Ben-Gvir requested that the police that any additional rioters who are arrested also be held in administrative detention. The ministers agreed to promote a Basic Law: Immigration to deal with the issue of illegal infiltration, and to examine the possibility of revoking the work permits of people who are staying in Israel illegally.

At least 40 people remained hospitalized Sunday morning, 12 of them in serious condition, with injuries sustained during the violent clashes in south Tel Aviv between supporters and opponents of Eritrea’s government on Saturday.

Tel Aviv’s Ichilov Medical Center said 24 people were still hospitalized there, including seven in serious condition. The injuries were not life-threatening, the hospital said.

At Ramat Gan’s Sheba Medical Center, four people were still hospitalized, three of them in critical condition. A policeman was hospitalized in moderate condition in the neurosurgery unit after having a piece of a camping stove removed from his head.

Prime Minister Netanyahu said at the beginning of the discussion: “The massive illegal infiltration into Israel from Africa posed a real threat to Israel’s future as a Jewish and democratic state. We stopped this threat by building the fence; building the fence involved overcoming opposition from the security establishment and our political opponents.

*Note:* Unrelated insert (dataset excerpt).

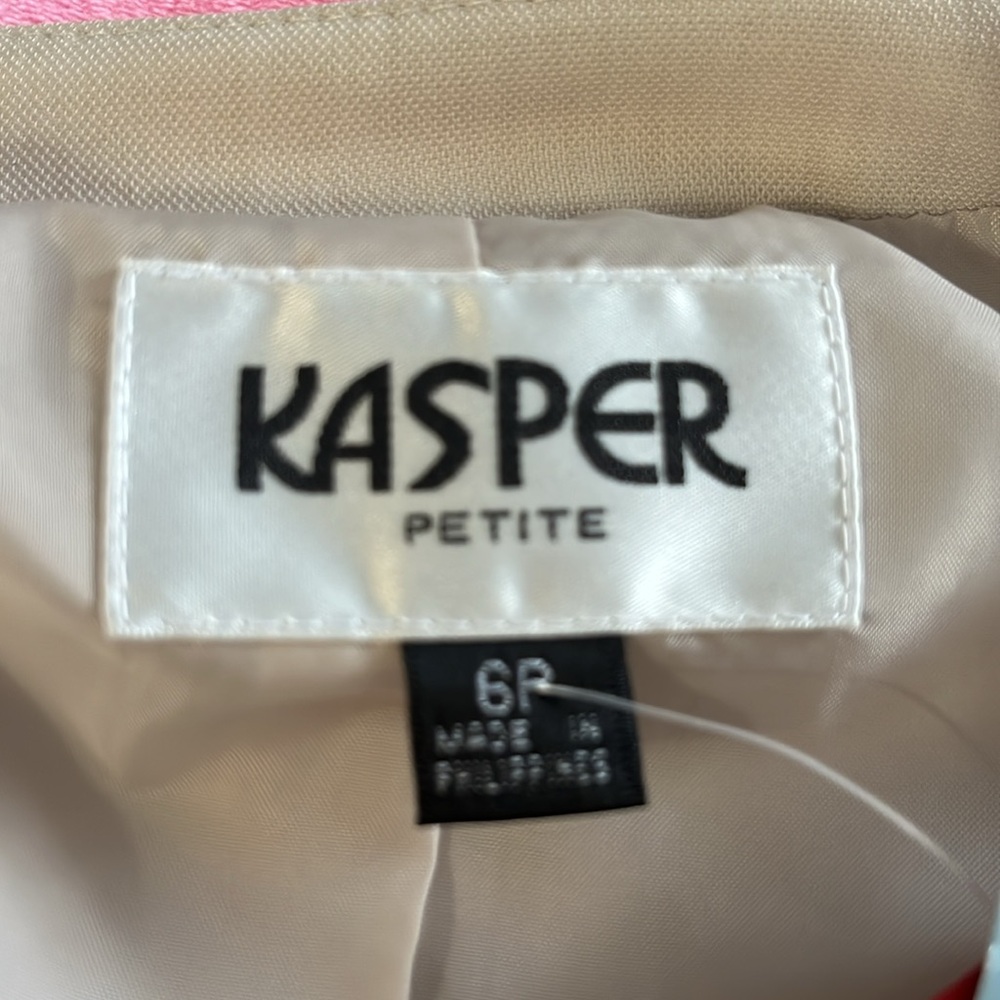 KASPER Beige Open Front Suit Jacket 6P NWT - Picture 8 of 10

When we stopped it, we stopped the infiltration completely, and I am proud that the governments under my leadership did this.”

Netanyahu added that “There remains the problem of those who had already entered before the completion of the fence, tens of thousands of illegal infiltrators who entered Israel. We removed twelve thousand of them voluntarily, through various incentives and various measures. We wanted more, we proposed a series of measures, including the recent deposit law, and unfortunately all were rejected by the Supreme Court.”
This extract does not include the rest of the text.